Modifying an Existing Table:

ALTER TABLE table_name CHANGE COLUMN column_name SET MASK schema_name.masking_function;

Adding a Column with Masking:

ALTER TABLE table_name ADD COLUMN (column_name column_type MASK schema_name.masking_function);

3 Removing Policy Binding

ALTER TABLE table_name CHANGE COLUMN column_name UNSET MASK;


Use Case Examples

1 Basic Masking

Requirement: Display the first 6 characters of an ID card number, followed by 4 asterisks, and then the last 4 characters.

CREATE FUNCTION public.idcard_masking(idcard STRING) RETURNS STRING AS concat(substr(idcard, 1, 6), repeat('*', 4), substr(idcard, 10, 4)); ALTER TABLE data CHANGE COLUMN idcard SET MASK public.idcard_masking;

Query Effect:

Original Value: 130183199901011234 → Masked: 130183****9010

2 Dynamic Masking Based on User

Requirement: Only the UAT_TEST user should see masked data.
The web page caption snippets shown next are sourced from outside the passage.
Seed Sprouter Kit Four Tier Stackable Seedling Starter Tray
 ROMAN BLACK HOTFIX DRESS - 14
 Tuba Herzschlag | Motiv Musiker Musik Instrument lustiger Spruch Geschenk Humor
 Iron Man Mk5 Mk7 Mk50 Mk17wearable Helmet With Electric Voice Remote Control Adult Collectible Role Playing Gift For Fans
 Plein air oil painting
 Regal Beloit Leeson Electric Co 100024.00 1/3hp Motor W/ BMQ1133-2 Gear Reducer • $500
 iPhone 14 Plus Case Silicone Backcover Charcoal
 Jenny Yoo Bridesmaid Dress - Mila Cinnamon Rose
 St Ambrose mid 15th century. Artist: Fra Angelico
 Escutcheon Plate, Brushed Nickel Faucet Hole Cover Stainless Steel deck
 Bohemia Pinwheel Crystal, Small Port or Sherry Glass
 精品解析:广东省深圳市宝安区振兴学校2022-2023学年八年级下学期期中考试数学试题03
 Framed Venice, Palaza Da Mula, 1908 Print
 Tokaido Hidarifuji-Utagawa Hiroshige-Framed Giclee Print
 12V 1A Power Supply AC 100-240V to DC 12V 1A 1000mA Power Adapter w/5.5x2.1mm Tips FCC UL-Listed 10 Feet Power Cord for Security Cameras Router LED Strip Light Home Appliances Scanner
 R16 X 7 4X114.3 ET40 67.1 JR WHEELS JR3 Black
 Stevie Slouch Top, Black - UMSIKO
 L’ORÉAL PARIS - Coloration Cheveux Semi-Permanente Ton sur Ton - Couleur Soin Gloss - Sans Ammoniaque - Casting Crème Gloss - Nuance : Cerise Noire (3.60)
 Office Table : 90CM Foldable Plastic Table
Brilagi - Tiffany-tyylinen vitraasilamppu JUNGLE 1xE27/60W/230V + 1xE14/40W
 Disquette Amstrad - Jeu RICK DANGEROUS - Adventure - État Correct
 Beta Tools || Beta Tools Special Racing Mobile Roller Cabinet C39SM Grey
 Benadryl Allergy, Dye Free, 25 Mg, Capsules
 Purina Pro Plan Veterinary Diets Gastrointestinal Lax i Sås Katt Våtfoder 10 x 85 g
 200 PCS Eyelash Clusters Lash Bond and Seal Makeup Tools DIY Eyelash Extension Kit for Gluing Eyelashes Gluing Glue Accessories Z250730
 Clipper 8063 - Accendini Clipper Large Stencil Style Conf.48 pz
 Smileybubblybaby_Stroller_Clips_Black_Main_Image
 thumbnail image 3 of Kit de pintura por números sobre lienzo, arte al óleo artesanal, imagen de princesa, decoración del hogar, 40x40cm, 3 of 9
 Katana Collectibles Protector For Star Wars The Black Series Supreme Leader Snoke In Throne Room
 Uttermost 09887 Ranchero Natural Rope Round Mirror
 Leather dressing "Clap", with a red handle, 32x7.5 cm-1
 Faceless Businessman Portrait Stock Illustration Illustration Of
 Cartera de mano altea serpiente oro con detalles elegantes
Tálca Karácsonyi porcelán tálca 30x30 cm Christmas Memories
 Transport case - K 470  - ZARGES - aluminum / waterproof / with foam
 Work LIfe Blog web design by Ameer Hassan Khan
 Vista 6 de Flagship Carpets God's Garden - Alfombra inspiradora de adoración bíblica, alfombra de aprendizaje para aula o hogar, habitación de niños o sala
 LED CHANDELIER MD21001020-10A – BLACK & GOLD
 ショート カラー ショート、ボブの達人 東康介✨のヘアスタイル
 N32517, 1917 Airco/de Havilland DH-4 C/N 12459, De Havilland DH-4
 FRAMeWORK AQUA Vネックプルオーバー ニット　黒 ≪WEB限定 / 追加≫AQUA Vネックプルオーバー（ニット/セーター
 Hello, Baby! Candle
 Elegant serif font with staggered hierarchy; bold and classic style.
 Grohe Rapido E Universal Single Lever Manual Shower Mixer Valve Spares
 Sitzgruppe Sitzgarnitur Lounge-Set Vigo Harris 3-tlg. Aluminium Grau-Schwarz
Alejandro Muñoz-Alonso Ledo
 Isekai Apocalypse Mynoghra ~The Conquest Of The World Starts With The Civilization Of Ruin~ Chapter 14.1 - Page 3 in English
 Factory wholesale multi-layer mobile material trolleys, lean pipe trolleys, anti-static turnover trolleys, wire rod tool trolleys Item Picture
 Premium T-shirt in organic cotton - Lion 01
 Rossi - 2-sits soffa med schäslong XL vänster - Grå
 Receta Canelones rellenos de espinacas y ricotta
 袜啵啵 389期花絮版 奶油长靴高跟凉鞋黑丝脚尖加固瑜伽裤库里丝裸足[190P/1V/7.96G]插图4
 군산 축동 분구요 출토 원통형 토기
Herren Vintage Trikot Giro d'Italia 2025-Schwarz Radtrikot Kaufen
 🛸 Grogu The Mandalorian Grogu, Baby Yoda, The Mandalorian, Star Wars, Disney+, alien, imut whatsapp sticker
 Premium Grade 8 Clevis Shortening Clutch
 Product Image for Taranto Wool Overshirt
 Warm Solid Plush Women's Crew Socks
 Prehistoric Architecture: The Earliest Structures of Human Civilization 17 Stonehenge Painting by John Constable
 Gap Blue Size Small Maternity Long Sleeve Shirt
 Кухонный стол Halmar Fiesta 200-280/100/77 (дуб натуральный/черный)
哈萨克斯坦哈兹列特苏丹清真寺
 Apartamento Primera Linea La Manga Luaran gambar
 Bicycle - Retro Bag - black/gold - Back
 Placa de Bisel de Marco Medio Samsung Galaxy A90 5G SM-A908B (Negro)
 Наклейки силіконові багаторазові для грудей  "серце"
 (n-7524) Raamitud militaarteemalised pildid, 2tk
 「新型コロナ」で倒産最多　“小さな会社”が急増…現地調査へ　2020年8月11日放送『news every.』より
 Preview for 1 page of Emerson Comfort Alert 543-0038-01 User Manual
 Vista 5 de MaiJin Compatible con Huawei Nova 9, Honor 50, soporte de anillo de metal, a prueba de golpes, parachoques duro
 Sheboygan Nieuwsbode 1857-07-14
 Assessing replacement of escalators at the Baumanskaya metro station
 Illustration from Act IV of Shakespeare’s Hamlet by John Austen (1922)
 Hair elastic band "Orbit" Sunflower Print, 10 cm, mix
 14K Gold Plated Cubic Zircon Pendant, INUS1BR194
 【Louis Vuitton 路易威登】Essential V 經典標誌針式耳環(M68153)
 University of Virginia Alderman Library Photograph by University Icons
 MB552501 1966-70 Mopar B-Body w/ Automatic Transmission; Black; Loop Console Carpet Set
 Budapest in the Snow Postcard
CREATE FUNCTION public.idcard_masking(idcard STRING) RETURNS STRING AS CASE WHEN current_user() = "UAT_TEST" THEN concat(substr(idcard, 1, 6), repeat('*', 4), substr(idcard, 10, 4)) ELSE idcard END; -- Ignoring case sensitivity of the username CREATE FUNCTION public.idcard_masking(idcard STRING) RETURNS STRING AS CASE WHEN lower(current_user()) = "uat_test" THEN concat(substr(idcard, 1, 6), repeat('*', 4), substr(idcard, 10, 4)) ELSE idcard END;

3 Dynamic Masking Based on Role

Requirement: Users with the user_admin role can view the full information.

CREATE FUNCTION public.idcard_masking_role(idcard STRING) RETURNS STRING AS CASE WHEN array_contains(current_roles(), "user_admin") THEN idcard ELSE concat(substr(idcard,1,6), '****', substr(idcard,11,4)) END;


Complete Operation Example

1 Initializing the Environment

CREATE SCHEMA IF NOT EXISTS security_demo; USE security_demo; -- General masking function CREATE FUNCTION security_demo.ssn_mask(ssn STRING) RETURNS STRING AS concat('***-**-', substr(ssn, 8, 4)); CREATE TABLE security_demo.user_data ( name STRING, ssn STRING MASK security_demo.ssn_mask, -- Binding directly when creating the table phone STRING ); INSERT INTO security_demo.user_data VALUES ('James', '123-45-6789', '123456789'); SELECT * FROM security_demo.user_data;

2 Creating Policy Functions

-- Exemption for privileged roles CREATE FUNCTION security_demo.admin_ssn_mask(ssn STRING) RETURNS STRING AS CASE WHEN array_contains(current_roles(), 'user_admin') THEN ssn ELSE concat('***-**-', substr(ssn,8,4)) END;

3 Modifying Masking Policies

-- Removing the previous policy ALTER TABLE security_demo.user_data CHANGE COLUMN ssn UNSET MASK; -- Adding a new policy ALTER TABLE security_demo.user_data CHANGE COLUMN ssn SET MASK security_demo.admin_ssn_mask;

4 Verifying the Effect

Query by a Regular User:

SELECT * FROM user_data; -- Output: John Doe ***-**-6789 138****1234

Query by a USER_ADMIN Role:

SELECT * FROM user_data; -- Output: John Doe 123-45-6789 138****1234


Management Notes

1 Permission Control

  • Only roles with ALTER TABLE permissions are allowed to modify masking policies.
  • Function creation requires CREATE FUNCTION permissions.

2 Performance Recommendations

  • Avoid using complex calculations in masking functions.
  • Use conditional logic cautiously for columns with high query frequency.

Limitations

  • Only one masking policy can be bound to a single column. If you want to define multiple masking rules, you can use conditional logic within a single function to apply different policies.